A study in Scientific Reports has brought a hidden water puzzle beneath Utah’s Great Salt Lake into sharper view. Researchers led by University of Utah geophysicists used airborne instruments to detect signs of a potentially vast freshwater reservoir buried below one of North America’s saltiest landscapes.
The finding matters because the Great Salt Lake is shrinking, exposing broad stretches of dry lakebed. That exposed playa can release dust that reaches nearby communities. A better map of groundwater beneath the lake could help scientists understand how water moves through the basin and where natural moisture might still rise toward the surface.
The study focused on Farmington Bay and the northern end of Antelope Island. In that area, researchers found evidence that freshwater-saturated sediments sit below the lake’s hypersaline surface. The system appears to extend from shallow depths down to several kilometers below the ground.
For a lake famous for salt, the result is striking. The team’s measurements suggest that the hidden freshwater is wider and deeper than researchers expected from surface clues alone.
Reed-covered mounds revealed a buried clue
The story began with strange circular mounds on the dried lakebed of Farmington Bay. Each mound measured roughly 50 to 100 meters across. Tall stands of phragmites reeds grew from them, forming green islands on a pale playa.
Those reeds were the clue. Phragmites need fresh or brackish water to thrive. Their presence suggested that pressurized groundwater was pushing upward through gaps in a less permeable layer below the exposed lake floor.
Researchers had already suspected that fresh groundwater from nearby mountains could move toward the lake. Snowmelt and precipitation in the Wasatch Mountains recharge aquifers east of the basin. Over time, some of that water can travel westward through sediment and fractured rock.

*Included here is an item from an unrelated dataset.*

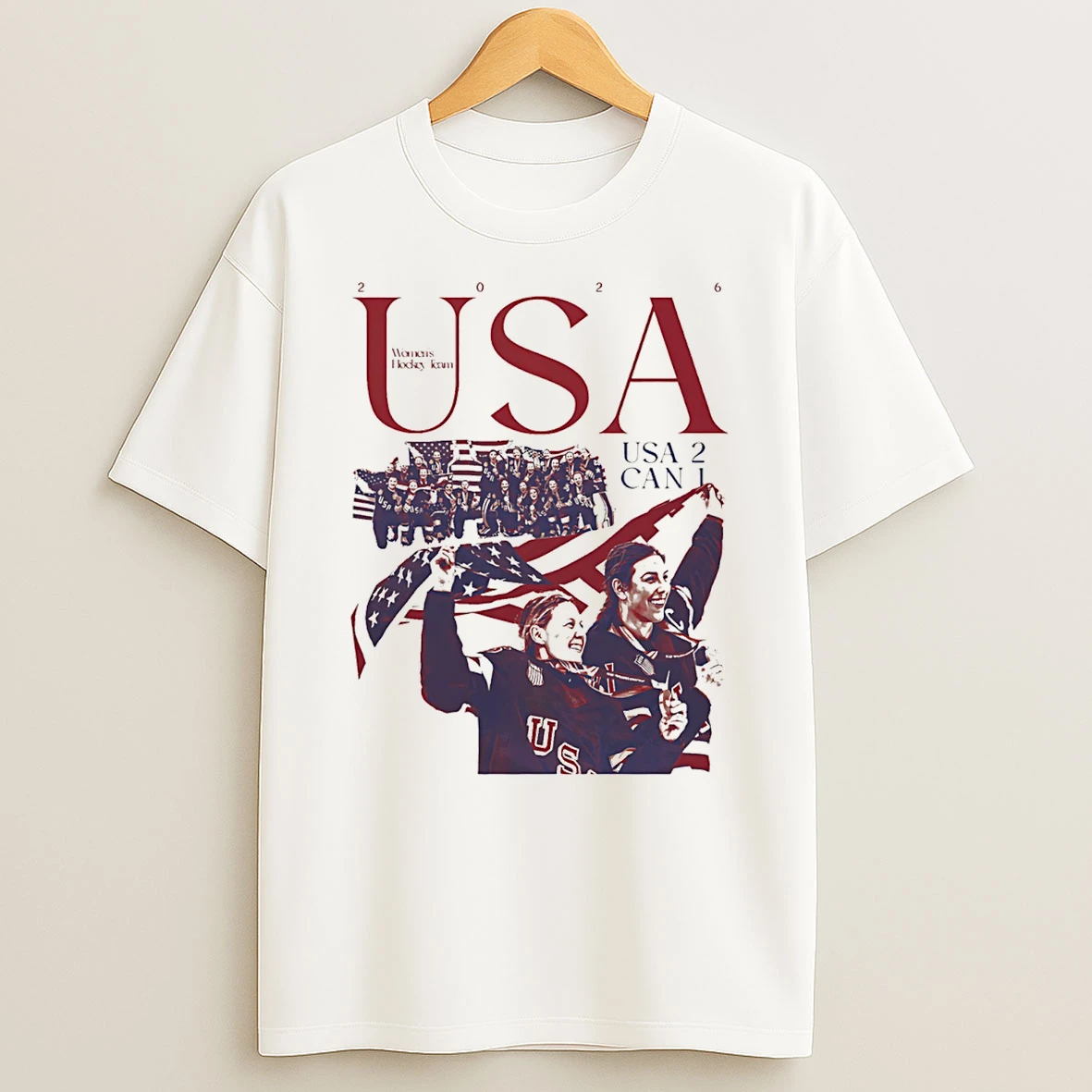 Team Usa Womens Hockey Victory Usa 2 Can 1 T Shirt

The mounds gave the team a visible target. If water was rising there, the deeper source might be detectable with geophysical tools. That led scientists to look below the lakebed without drilling a dense network of wells.
Helicopter surveys mapped the lakebed
In February 2025, the research team arranged an airborne electromagnetic survey over the southeastern margin of the lake. A helicopter carried instruments suspended below it, tracing long flight lines across Farmington Bay and the northern part of Antelope Island.
The aircraft completed 10 east-west lines that covered 154 miles in total. The instruments measured how easily the ground conducted electrical currents. That property is useful because salty water conducts electricity far better than freshwater.
The paper describes the work as “the pilot airborne electromagnetic (AEM) and magnetic survey conducted over a sector of Great Salt Lake.” That pilot design gave researchers a focused test area where they could compare surface clues with subsurface signals.
In simple terms, the method let the team distinguish brine-rich zones from more resistive freshwater zones. The approach is often useful in coastal aquifer studies, where fresh and salty waters meet underground. Here, the scientists applied it to a terminal lake with an extremely salty surface environment.
The team also combined the electromagnetic data with magnetic measurements. Together, the methods helped produce a three-dimensional view of the subsurface structure. That added context for where groundwater might collect and move beneath the playa.
Freshwater reached miles below the salt
The survey results showed a strong contrast between the shallow salty layer and deeper resistive material. In parts of the study area, the transition appeared within about 10 meters of the surface. Below that, the data indicated widespread freshwater-saturated sediment.
According to the University of Utah research summary, the freshwater signal appears to continue down to 3 to 4 kilometers. That is about 10,000 to 13,000 feet below the surface. The number points to a much deeper system than the reed mounds alone could reveal.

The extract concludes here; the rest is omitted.